South Sudan president pledges free and fair elections in 2024

 South President Salva Kiir has reiterated his administration’s commitment to free and fair elections come 2024 at the end of the transitional period.

He was on Thursday meeting the US Ambassador to Juba, Michael J. Adler in his office.

During the meeting, the South Sudanese leader briefed the US official about efforts in place to ensure all prerequisites for the conduct of free and fair elections are in place.

Ambassador Adler, the state-owned television (SSBC) reported, said he discussed with the South Sudanese leader the requirements for the elections, which includes a legal framework that provides for political and civic space as well as a politically neutral security force that can be achieved by the deployment of the necessary unified forces.

He further disclosed that the Joe Biden administration is working with governments as well as civil society entities around the world to prevent, resolve and mitigate violent conflicts.

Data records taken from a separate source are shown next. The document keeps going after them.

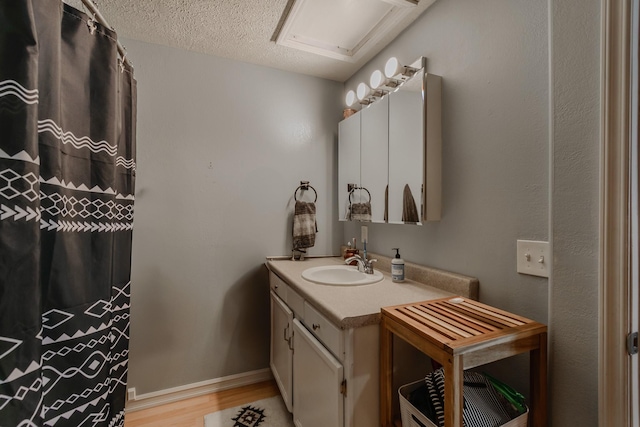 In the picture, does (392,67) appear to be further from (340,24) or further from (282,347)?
(282,347)

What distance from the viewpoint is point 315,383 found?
123 centimetres

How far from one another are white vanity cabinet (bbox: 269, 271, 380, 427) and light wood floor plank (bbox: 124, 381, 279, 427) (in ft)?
1.37

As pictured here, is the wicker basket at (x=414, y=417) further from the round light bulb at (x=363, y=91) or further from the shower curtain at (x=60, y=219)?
the round light bulb at (x=363, y=91)

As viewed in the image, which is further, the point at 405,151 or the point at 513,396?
the point at 405,151

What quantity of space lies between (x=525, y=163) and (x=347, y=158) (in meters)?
1.17

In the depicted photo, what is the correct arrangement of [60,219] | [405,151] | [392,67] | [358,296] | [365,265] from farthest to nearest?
1. [365,265]
2. [392,67]
3. [405,151]
4. [358,296]
5. [60,219]

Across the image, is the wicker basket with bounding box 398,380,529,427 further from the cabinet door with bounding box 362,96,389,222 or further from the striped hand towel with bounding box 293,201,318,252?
the striped hand towel with bounding box 293,201,318,252

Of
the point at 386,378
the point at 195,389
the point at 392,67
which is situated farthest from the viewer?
the point at 195,389

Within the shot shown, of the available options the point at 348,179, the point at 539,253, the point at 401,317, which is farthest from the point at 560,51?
the point at 348,179

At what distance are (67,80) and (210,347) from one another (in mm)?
1730

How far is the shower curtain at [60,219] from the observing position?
23.1 inches

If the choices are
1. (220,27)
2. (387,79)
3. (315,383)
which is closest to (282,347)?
(315,383)

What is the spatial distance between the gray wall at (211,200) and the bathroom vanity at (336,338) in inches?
15.4

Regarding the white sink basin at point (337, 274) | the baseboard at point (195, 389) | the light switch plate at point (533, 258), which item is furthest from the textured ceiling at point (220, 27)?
the baseboard at point (195, 389) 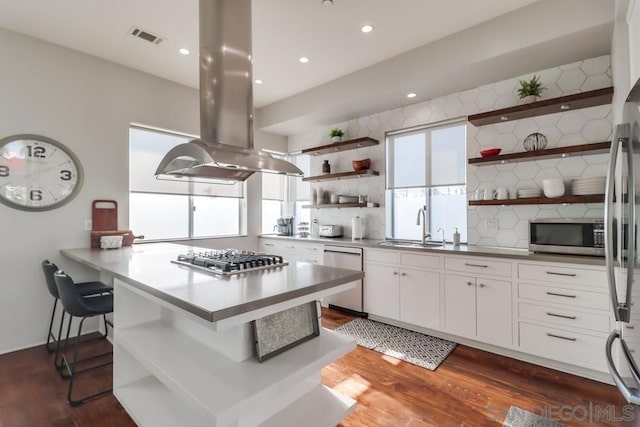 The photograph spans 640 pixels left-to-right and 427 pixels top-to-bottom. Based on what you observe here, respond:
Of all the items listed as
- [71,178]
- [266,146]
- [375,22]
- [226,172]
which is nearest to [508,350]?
[226,172]

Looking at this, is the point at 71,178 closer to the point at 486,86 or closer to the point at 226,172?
the point at 226,172

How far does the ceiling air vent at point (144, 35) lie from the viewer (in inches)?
112

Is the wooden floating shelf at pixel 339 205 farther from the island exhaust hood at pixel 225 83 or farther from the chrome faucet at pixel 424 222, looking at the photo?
the island exhaust hood at pixel 225 83

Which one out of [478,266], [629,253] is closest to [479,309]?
[478,266]

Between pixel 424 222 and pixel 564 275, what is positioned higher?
pixel 424 222

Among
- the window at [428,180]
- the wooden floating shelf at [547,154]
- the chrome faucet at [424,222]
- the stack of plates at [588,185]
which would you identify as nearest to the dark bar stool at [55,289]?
the chrome faucet at [424,222]

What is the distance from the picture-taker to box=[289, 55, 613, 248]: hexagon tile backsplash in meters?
2.67

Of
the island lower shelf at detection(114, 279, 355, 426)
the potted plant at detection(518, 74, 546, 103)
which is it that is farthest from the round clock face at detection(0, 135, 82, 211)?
the potted plant at detection(518, 74, 546, 103)

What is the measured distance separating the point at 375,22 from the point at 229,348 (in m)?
2.87

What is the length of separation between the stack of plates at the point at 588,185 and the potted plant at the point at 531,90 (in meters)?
0.85

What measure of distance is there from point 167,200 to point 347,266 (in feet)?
8.30

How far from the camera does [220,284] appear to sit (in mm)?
1606

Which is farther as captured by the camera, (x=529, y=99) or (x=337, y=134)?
(x=337, y=134) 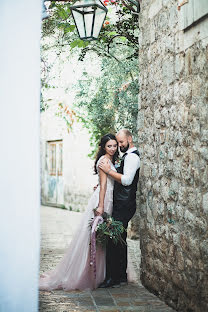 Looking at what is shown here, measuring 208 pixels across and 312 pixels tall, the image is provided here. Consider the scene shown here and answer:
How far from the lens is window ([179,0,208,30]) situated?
3146 mm

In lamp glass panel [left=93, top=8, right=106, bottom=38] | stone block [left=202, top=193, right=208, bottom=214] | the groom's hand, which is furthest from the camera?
lamp glass panel [left=93, top=8, right=106, bottom=38]

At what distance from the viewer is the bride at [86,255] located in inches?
182

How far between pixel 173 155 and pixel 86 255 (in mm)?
1586

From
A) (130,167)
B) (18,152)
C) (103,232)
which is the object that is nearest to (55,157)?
(130,167)

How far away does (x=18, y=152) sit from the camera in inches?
103

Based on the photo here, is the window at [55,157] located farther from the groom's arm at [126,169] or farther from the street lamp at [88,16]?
the groom's arm at [126,169]

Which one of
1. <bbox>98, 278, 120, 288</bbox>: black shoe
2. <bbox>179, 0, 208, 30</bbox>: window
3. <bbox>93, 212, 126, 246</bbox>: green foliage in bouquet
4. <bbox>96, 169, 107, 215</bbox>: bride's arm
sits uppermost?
<bbox>179, 0, 208, 30</bbox>: window

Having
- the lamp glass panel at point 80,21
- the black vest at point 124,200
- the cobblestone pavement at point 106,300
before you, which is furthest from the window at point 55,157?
Result: the black vest at point 124,200

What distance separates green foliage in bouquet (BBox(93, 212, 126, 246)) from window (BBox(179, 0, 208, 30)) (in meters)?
2.15

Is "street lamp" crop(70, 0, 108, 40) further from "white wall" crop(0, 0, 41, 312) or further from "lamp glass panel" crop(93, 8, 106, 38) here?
"white wall" crop(0, 0, 41, 312)

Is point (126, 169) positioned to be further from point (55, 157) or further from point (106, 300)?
point (55, 157)

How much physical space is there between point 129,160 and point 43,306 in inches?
69.4

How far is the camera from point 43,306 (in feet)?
12.9

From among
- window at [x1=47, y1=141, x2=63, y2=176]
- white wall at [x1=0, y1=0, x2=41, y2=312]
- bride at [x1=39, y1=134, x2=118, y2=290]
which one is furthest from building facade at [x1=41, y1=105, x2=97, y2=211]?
white wall at [x1=0, y1=0, x2=41, y2=312] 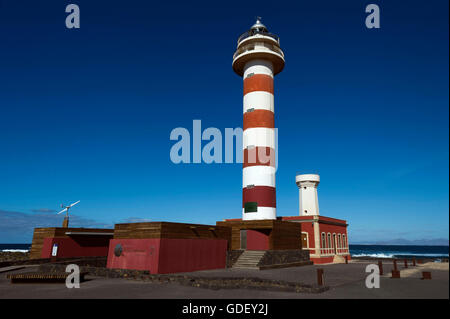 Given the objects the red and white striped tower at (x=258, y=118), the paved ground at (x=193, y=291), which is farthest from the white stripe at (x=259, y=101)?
the paved ground at (x=193, y=291)

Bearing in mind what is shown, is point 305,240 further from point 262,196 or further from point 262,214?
point 262,196

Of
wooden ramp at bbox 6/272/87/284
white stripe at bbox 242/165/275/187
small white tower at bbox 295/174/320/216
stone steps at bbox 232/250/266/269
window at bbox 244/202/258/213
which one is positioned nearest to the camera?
wooden ramp at bbox 6/272/87/284

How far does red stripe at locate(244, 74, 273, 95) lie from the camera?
101ft

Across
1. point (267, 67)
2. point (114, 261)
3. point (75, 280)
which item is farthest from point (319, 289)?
point (267, 67)

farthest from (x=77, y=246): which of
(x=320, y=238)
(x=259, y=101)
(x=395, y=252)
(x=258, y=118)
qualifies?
(x=395, y=252)

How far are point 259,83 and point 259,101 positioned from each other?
2029 mm

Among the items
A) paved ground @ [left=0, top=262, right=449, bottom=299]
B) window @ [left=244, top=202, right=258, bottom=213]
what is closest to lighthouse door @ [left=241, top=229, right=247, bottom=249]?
window @ [left=244, top=202, right=258, bottom=213]

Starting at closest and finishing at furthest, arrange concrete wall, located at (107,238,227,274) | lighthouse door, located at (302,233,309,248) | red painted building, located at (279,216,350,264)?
concrete wall, located at (107,238,227,274)
red painted building, located at (279,216,350,264)
lighthouse door, located at (302,233,309,248)

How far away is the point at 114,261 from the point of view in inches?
854

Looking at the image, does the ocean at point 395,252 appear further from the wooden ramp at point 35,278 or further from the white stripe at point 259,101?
the wooden ramp at point 35,278

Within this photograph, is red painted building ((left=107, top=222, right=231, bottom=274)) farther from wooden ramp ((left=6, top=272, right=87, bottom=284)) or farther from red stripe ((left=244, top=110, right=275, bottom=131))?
red stripe ((left=244, top=110, right=275, bottom=131)) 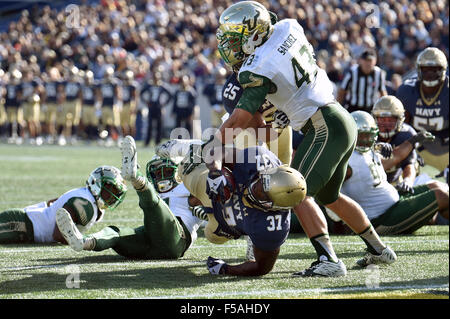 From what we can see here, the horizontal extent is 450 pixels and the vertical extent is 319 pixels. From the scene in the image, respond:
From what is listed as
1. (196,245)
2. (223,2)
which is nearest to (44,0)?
→ (223,2)

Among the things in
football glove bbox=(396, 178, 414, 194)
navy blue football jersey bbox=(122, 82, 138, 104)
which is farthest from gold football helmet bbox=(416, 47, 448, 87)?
navy blue football jersey bbox=(122, 82, 138, 104)

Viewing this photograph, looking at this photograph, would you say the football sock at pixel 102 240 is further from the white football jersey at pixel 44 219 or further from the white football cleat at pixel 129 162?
the white football jersey at pixel 44 219

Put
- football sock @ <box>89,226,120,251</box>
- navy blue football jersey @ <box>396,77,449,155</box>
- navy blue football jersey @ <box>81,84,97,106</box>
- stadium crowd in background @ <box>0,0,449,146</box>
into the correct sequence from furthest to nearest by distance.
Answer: navy blue football jersey @ <box>81,84,97,106</box> < stadium crowd in background @ <box>0,0,449,146</box> < navy blue football jersey @ <box>396,77,449,155</box> < football sock @ <box>89,226,120,251</box>

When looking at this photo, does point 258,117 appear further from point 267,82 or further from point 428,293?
point 428,293

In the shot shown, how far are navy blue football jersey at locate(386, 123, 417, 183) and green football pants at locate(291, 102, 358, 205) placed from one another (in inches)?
88.4

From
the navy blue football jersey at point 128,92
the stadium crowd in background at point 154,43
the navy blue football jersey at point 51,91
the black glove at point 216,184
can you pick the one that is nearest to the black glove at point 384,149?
the black glove at point 216,184

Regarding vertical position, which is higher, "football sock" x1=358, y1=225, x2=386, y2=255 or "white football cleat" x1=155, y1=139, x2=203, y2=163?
"white football cleat" x1=155, y1=139, x2=203, y2=163

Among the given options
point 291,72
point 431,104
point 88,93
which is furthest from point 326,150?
point 88,93

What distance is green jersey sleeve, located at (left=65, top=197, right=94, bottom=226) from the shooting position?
517 centimetres

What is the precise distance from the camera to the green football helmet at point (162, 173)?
5270 mm

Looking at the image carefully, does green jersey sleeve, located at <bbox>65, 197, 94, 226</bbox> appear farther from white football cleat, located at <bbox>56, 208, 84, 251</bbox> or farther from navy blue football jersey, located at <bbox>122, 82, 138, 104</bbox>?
navy blue football jersey, located at <bbox>122, 82, 138, 104</bbox>

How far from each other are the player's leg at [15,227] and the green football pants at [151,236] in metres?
0.89

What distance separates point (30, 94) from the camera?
67.9 ft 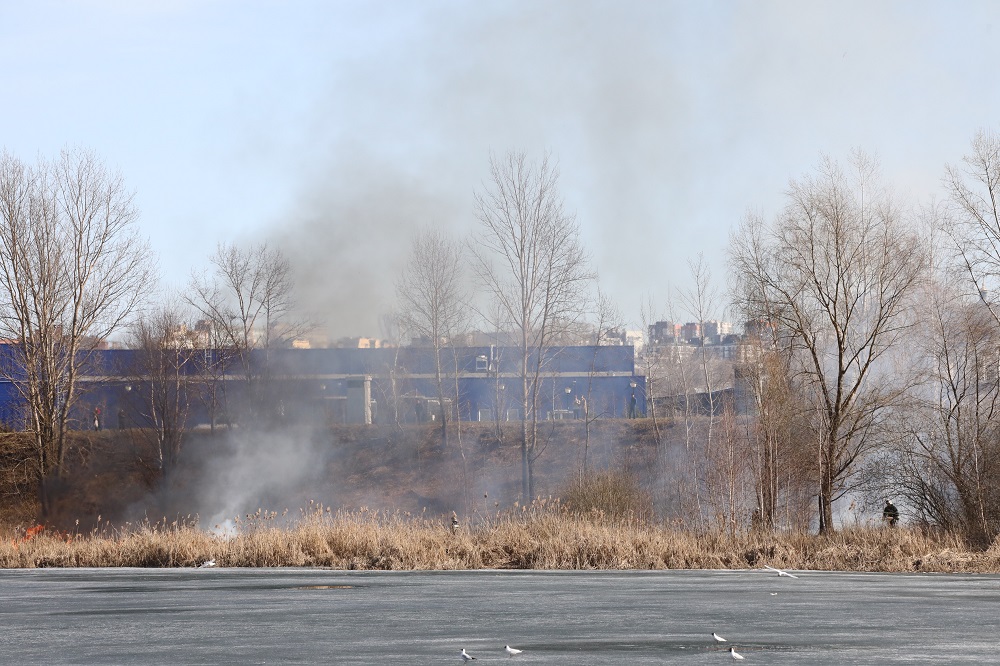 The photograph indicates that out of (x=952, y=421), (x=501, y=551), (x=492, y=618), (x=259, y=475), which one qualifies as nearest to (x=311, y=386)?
(x=259, y=475)

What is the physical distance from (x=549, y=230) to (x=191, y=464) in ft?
63.0

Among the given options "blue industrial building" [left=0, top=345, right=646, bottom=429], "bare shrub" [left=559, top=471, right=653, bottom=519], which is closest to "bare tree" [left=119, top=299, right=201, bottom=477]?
"blue industrial building" [left=0, top=345, right=646, bottom=429]

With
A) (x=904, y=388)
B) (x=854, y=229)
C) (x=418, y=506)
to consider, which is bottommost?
(x=418, y=506)

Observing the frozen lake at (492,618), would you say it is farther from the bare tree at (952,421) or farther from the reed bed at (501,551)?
the bare tree at (952,421)

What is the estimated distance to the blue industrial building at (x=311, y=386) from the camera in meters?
44.7

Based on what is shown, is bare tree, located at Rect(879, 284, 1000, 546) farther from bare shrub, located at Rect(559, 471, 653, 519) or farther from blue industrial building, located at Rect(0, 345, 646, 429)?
blue industrial building, located at Rect(0, 345, 646, 429)

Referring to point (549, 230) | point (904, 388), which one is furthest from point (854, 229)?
point (549, 230)

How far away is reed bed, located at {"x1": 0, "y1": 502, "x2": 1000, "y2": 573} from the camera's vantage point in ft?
46.6

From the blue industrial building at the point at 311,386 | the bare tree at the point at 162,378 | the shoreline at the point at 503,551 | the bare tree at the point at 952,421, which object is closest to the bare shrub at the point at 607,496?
the bare tree at the point at 952,421

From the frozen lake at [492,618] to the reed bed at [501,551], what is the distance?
1209 mm

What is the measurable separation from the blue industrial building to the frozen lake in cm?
3024

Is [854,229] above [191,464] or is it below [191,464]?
above

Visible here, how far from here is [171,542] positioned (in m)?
14.9

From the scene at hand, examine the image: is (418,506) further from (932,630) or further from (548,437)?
(932,630)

 However, while President Kiir and members of his administration are determined to push for the conduct of elections, leading opposition and foreign diplomats have expressed concerns that credible elections require addressing the violence across the country.

Already, previously peaceful areas have fallen into traps of tensions and violence, causing fear in Eastern and Central Equatoria, Unity, Warrap, and Jonglei states, as well as the Abyei Administrative Area, where civilians have endured multiple attacks, fueling a cycle of cattle raiding, abductions, revenge killings and gender-based violence.

South Sudan is expected to hold its first democratic elections in December 2024 as per the 2018 peace agreement. But given disagreements between Kiir and other leading opposition parties, it is unclear whether the potential elections will take place next year.

President Salva Kiir and First Vice President Riek Machar are already divided on elections conduct, amid concerns over delays in the implementation of key provisions of the peace deal.

Kiir expressed his frustrations on the delays in the polls at the swearing-in ceremony of newly appointed SPLM national advisors, secretaries, and deputy secretaries last month.

In August last year, South Sudan’s leaders signed a two-year extension of the transitional government, in a move foreign partners warned as lacking legitimacy.

This was the second time the parties extended the country’s transitional period.

Machar said implementation of key provisions in the roadmap is behind schedule.

In July, the Special Representative of the United Nations Secretary General in South Sudan, Nicholas Haysom said the young nation could still make significant strides towards this December 2024 target to hold elections with political will, adequate resourcing and commitment to create an appropriate political environment.